TASK DIRECTIONS — Your answer should hold exactly the lines below from the line with "Kelyas Traditional Hotel" through the line with "MTG Bene Supremo", both included, and no pictures at all.
*** ENTRIES PROVIDED Section Begins ***
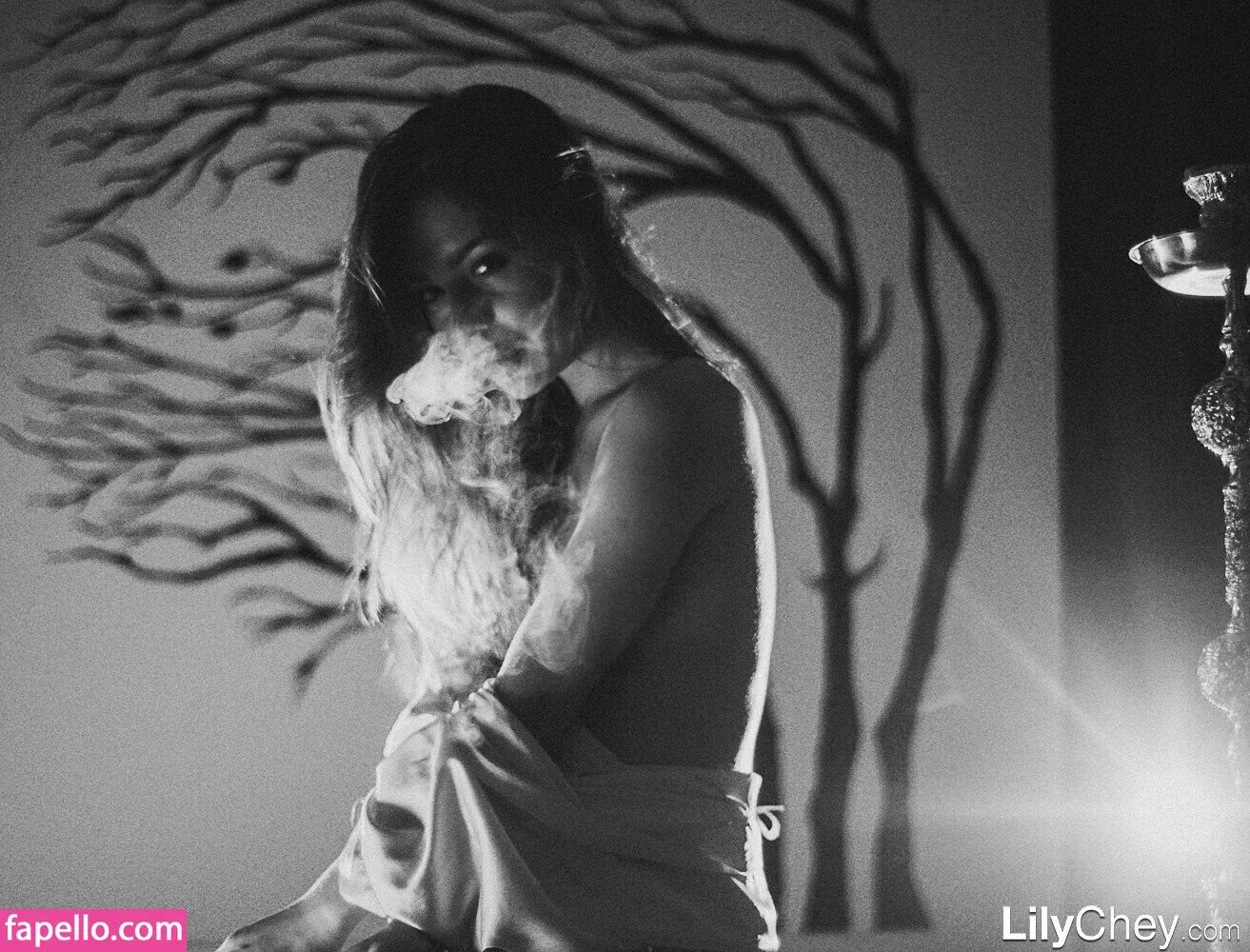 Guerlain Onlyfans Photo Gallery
*** ENTRIES PROVIDED Section Ends ***
*** ENTRIES PROVIDED Section Begins ***
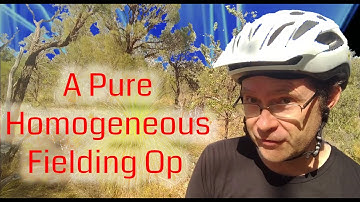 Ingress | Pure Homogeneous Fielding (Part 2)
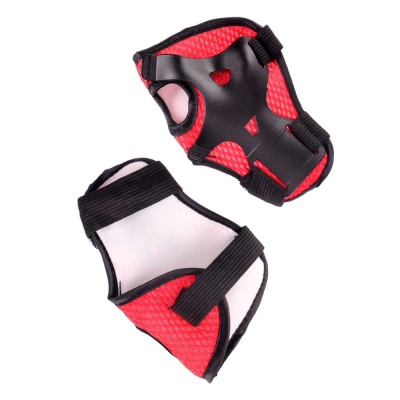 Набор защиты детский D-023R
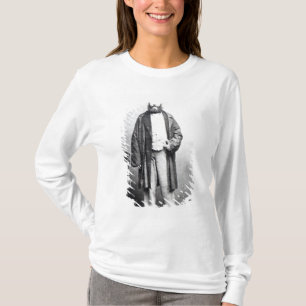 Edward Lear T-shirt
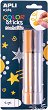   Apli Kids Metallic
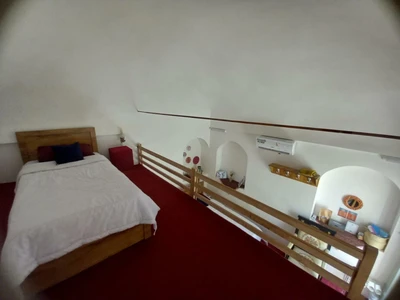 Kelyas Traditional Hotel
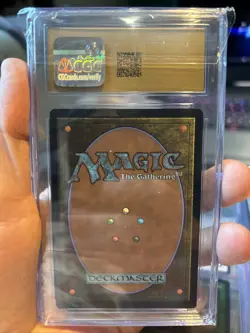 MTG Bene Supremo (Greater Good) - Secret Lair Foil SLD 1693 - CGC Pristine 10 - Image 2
*** ENTRIES PROVIDED Section Ends ***
ANSWER BOX —
 Kelyas Traditional Hotel
 MTG Bene Supremo (Greater Good) - Secret Lair Foil SLD 1693 - CGC Pristine 10 - Image 2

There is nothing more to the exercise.